Anwar made national headlines in the 1980s when she fought a Home Office decision denying her children living in Pakistan the right to join their parents in the UK. After a gruelling 6-year battle Anwar succeeded in getting the decision overturned.
Below is Jennie’s account of her visit.
Anwar’s archive includes papers and publicity material from the Anwar Ditta Defence Committee (ADDC) as well as photos, news articles, correspondence and evidence submitted to the Home Office appeal. Her case has been cited in many student textbooks and is still considered a landmark case in immigration law.
Last year I recorded an oral history interview with Anwar over several sessions, in order to capture her reflections on these life-changing events. Since then, Anwar and I have kept in touch. She’s an amazing individual who has lived through extraordinary events but who is still coming to terms with the resulting trauma inflicted on her family. As we look through old photos together Anwar recalls with enthusiasm the names of various activists, politicians and celebrities who supported her campaign. I take notes; the information adds context to the images (now in the AIU Centre archives), making them more meaningful to future researchers, but her animated disposition communicates so much more. For Anwar, remembering is both exhilarating (reminding her of the strength she was able to summon and the high levels of support she accrued) and excruciating (reminding her of the separation and state-administered discrimination she endured, as well as its longer-lasting impact).

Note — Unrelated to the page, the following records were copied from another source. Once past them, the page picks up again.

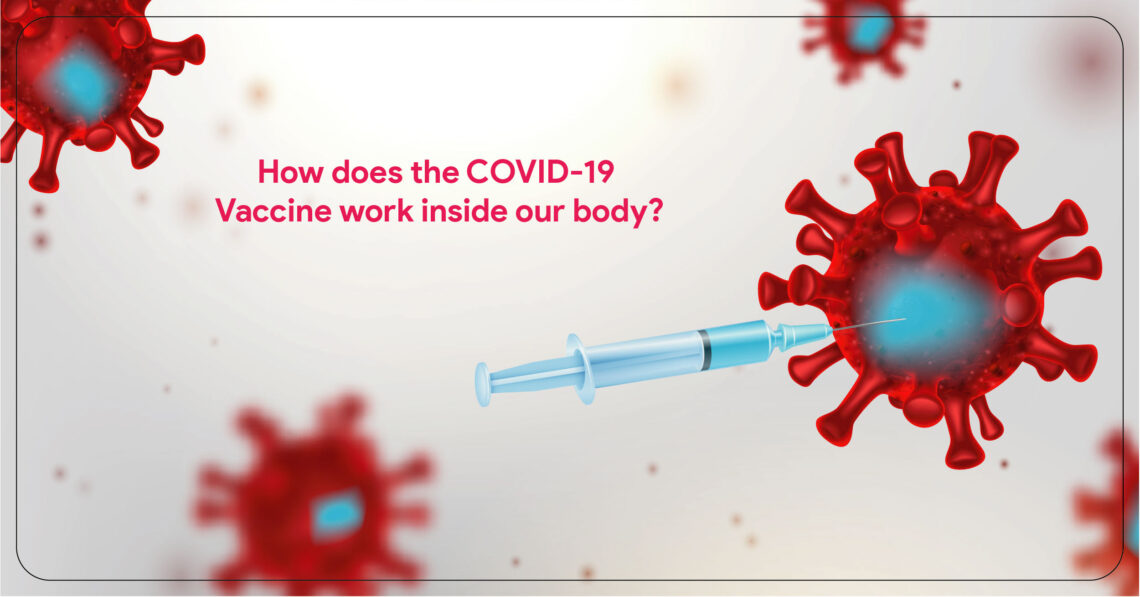 How does the COVID-19 Vaccine work inside our body?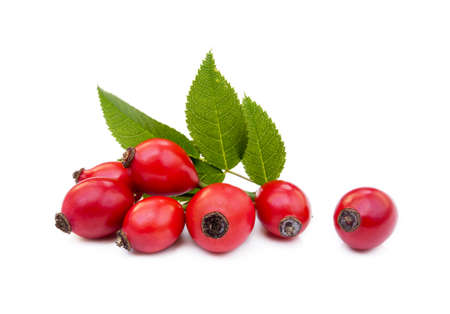 Ripe rose hip isolated on white backgroundの写真素材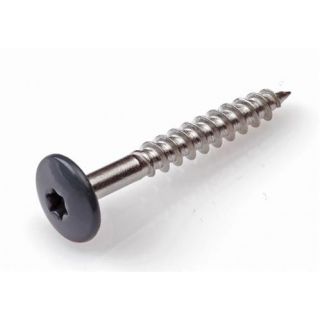 Kleurkopschroeven RVS-A2 antraciet RAL7016 4.8x38mm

We speak of other things for a while – health, families, the news – in an attempt to lighten the mood. Anwar then hands me further papers for the archive collection including correspondence referring to her address to the Women’s World Congress in Prague, which took place after she was re-united with her children. We discuss how it felt to speak publicly on an international platform and I learn that, despite having no formal schooling since the age of 8, she was also invited to similar events in Moscow and Norway, as well as to venues across the UK. Anwar later employed her new-found agency to support further immigration-related campaigns.
As we finish our cups of tea and I make moves to head home, Anwar saddens. She asks me to make it clear to anyone interested in her story that she never received an apology from the British Government or any financial compensation to cover either personal or legal costs. The flights to transport her children from Pakistan to the UK were paid for by Granada Television, her legal expenses scarcely covered by funds raised through the ADDC. Anwar herself was employed throughout the campaign as a machinist, juggling piecework, parenting (her daughter born here in the UK) and activism in an exhausting merry-go-round.
It seems clear that Anwar is still trying to make sense of what happened decades on and to come to terms with the many consequences. Maybe this process of remembering and then letting go might offer some small comfort?
We are still in the process of cataloguing Anwar’s collection which will be available to researchers later this year.